Write your guide to setting healthy boundaries in relationships.
Respect.
Knowing your worth and truth.
Loving yourself.
And one of the biggest things is if someone ever makes you feel bad about yourself….to me, that’s an immediate red flag.
If you do not work on yourself it’s very easy to get caught up in your own insecurities and into the web of people pleasing. As well as allowing someone to have control over you.
You should love the people that surround you, you should be able to be your one hundred percent self – no filters. The people around you ACCEPT YOU – flaws and all.
Be comfortable telling people no.
Be comfortable with disappointing others.
Be comfortable standing up for yourself.
Be comfortable with the fact that you may loose that relationship or friendship. And truthfully, it may be for the better.
Why are you trying so hard and they aren’t?
Some people can’t handle confidence in others, some people can’t handle when someone actually speaks up, some people have too much pride.

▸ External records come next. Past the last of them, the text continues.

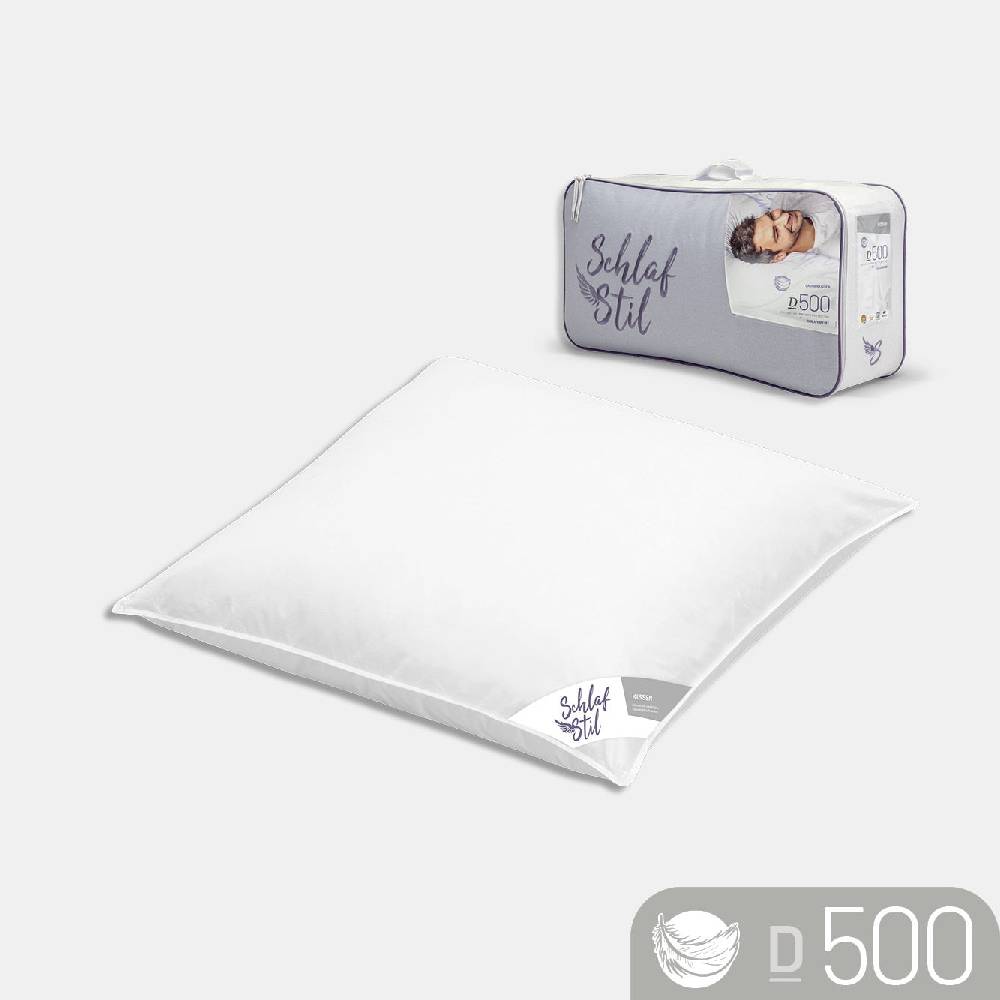 Schlafstil Daunenkissen Schlafstil D500, 60 % Daunen / 40 % Federn Zeitlich begrenztes Angebot
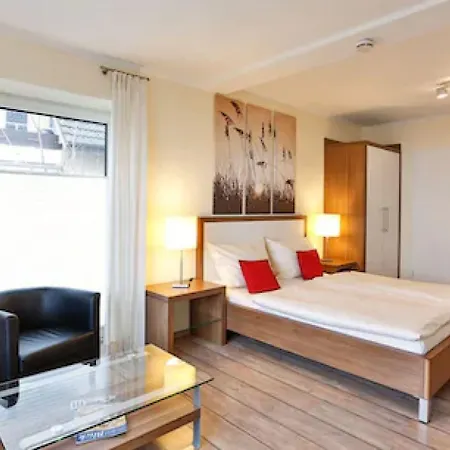 Seaside-strandhotel Hotel apartamentowy Timmendorfer Strand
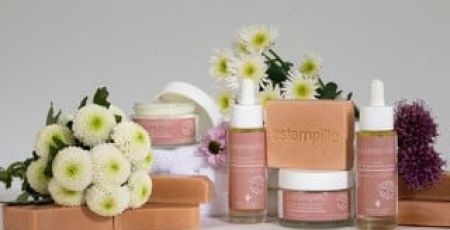 Estampille : des cosmétiques issus des biodéchets du vin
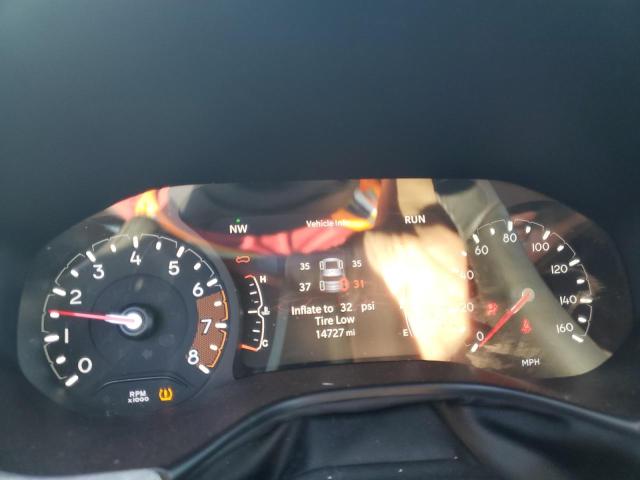 3C4NJDBN8ST574645 - 2025 JEEP COMPASS LATITUDE SILVER photo 9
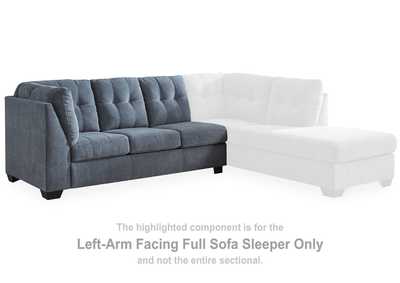 Image for Marleton Left-Arm Facing Full Sofa Sleeper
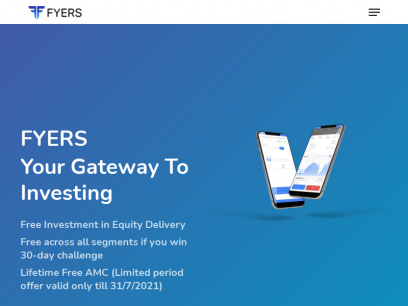 FYERS Your Gateway to Investing - Free Investment in Equity Delivery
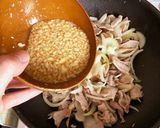 醤油マヨ炒め作り方3写真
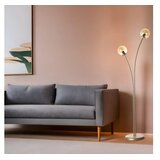 Opviq podna lampa Rose, 165 cm, E27, zlatna boja | Eponuda.ba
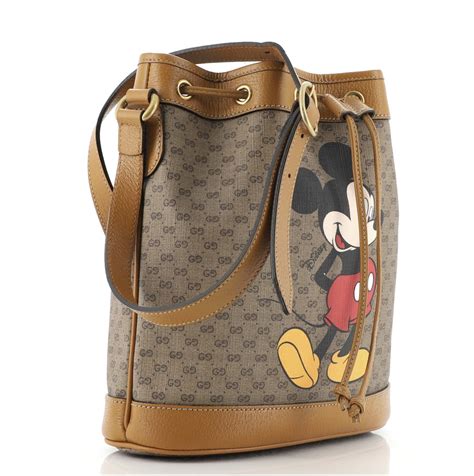 gucci mickey bag original|mickey mouse gucci images.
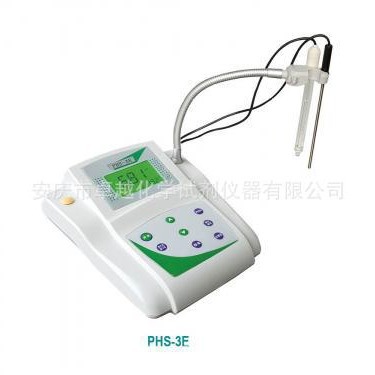 齐威微机型台式PH计/酸度计PHS-3E 酸碱度检测仪
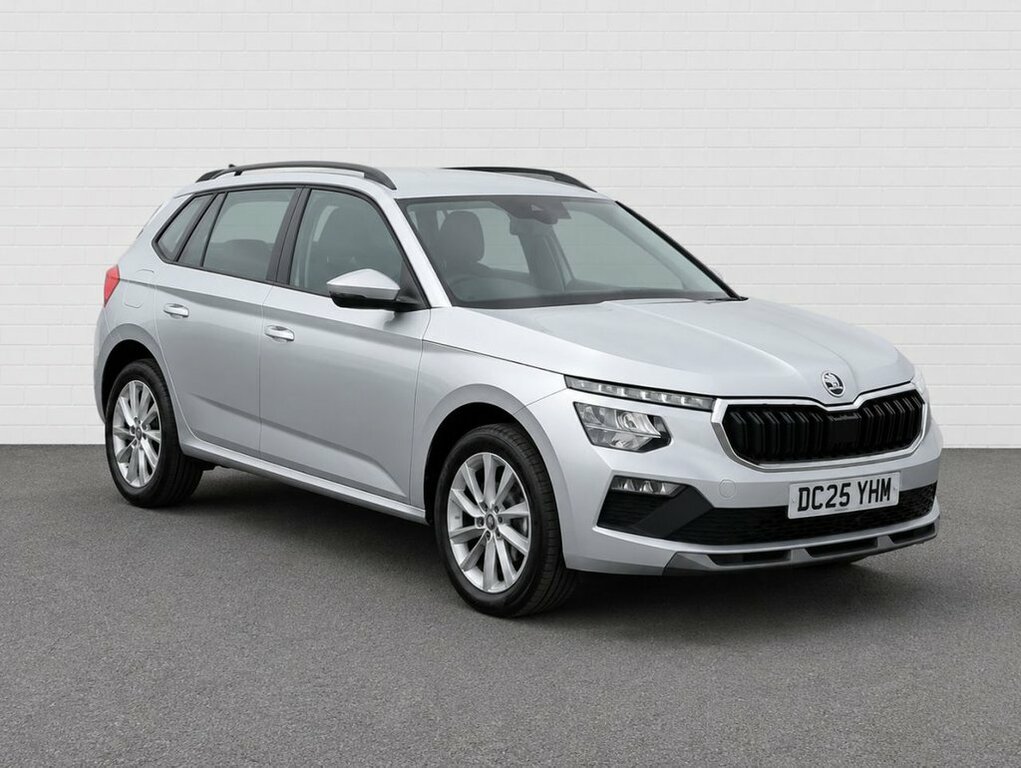 Skoda Kamiq 1L Se Edition Silver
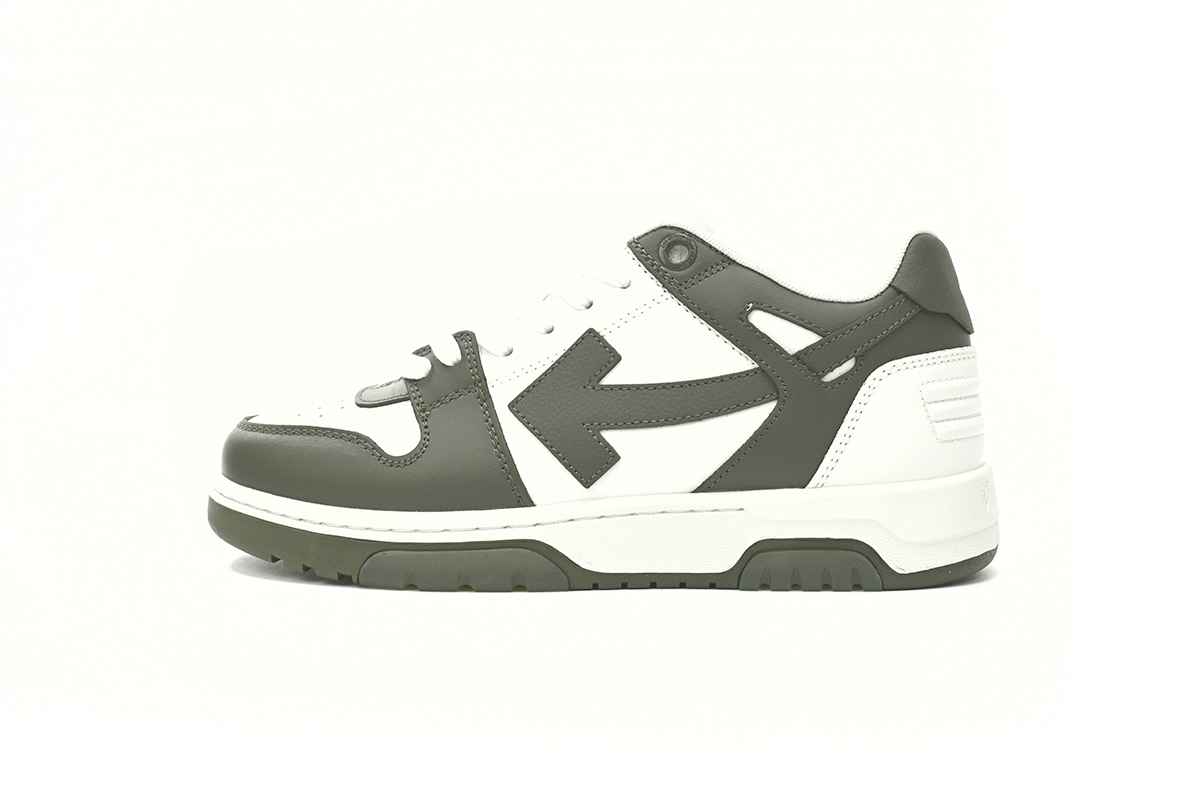 OFF-WHITE Out Of Military Green White OLIA18 9S23LEA00 15901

I believe in giving others grace, I truly do. However if someone cannot do the same for you that’s another friendship or relationship you may not want to be in OR that’s when the boundary is set.
For example, I have people in my life I no longer reach out to. However if they came to my house and needed help with something I would absolutely help them. But I know longer go out of my way for them. It’s unfortunate, but in a way it’s freeing. Because before I would try really hard with these relationships and now I recognize it’s really not me, it’s them.
You deserve good people in your life.